Data shown:
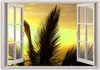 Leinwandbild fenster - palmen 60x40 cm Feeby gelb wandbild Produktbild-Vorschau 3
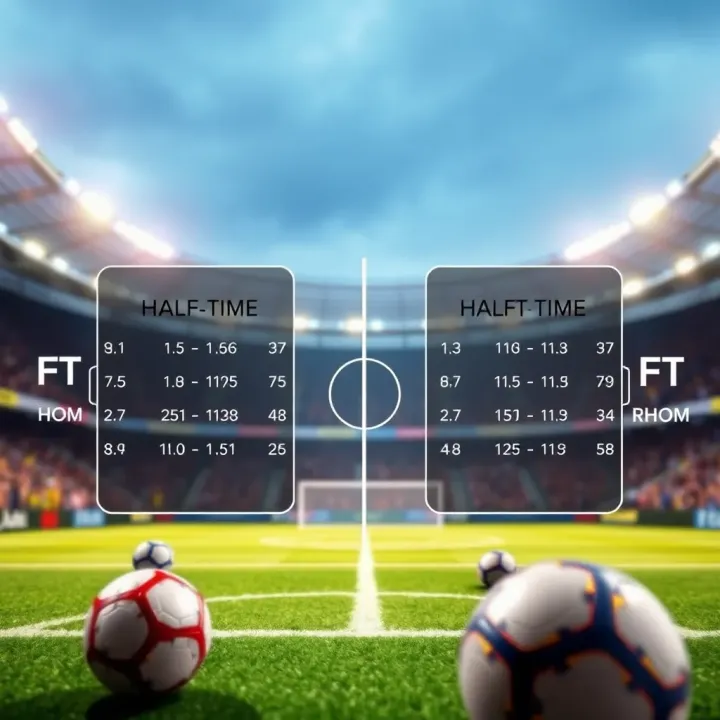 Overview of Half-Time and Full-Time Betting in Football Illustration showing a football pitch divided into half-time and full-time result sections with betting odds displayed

--

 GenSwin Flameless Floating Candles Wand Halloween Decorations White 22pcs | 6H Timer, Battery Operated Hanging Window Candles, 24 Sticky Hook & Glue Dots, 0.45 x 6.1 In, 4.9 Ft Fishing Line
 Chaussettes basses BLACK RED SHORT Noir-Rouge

Description of the task: Reproduce word for word the material above, beginning with the line that contains "GenSwin Flameless Floating" and ending with the line that contains "Chaussettes basses BLACK".

Task solution:
 GenSwin Flameless Floating Candles Wand Halloween Decorations White 22pcs | 6H Timer, Battery Operated Hanging Window Candles, 24 Sticky Hook & Glue Dots, 0.45 x 6.1 In, 4.9 Ft Fishing Line
 Chaussettes basses BLACK RED SHORT Noir-Rouge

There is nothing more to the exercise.